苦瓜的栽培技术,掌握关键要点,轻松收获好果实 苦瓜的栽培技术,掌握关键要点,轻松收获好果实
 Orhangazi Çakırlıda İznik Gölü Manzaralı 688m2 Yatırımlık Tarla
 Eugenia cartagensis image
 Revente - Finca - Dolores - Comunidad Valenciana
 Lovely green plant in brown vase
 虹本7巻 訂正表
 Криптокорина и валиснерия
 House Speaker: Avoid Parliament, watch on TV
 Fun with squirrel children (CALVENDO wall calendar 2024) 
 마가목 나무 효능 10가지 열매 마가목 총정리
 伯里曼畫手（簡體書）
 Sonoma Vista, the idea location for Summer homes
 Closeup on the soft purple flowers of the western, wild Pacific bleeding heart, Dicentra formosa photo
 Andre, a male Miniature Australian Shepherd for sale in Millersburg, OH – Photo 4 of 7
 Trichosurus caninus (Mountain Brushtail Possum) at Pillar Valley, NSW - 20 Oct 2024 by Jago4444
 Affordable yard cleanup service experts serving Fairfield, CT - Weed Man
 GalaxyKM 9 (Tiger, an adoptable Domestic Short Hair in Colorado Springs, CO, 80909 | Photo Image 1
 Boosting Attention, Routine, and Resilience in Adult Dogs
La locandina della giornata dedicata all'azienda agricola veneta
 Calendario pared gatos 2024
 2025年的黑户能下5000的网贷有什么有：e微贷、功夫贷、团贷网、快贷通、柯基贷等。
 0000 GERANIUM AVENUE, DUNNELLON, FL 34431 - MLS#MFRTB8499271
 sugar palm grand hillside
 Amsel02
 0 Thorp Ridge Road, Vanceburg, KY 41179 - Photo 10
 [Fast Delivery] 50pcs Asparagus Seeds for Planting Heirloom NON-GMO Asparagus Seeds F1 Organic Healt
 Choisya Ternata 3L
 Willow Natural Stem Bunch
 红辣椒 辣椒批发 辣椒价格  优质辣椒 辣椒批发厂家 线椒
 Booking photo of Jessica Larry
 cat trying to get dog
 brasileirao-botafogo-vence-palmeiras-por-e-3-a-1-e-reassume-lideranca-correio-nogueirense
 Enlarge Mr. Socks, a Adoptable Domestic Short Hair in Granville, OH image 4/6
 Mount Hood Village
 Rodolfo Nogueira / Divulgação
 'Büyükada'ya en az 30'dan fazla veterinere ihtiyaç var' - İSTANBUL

┄┄┄┄┄┄

_Your goal_
Check each line of the records above for the word "Domestic", count the lines that have it, and give only the count.

_Exercise solution_
2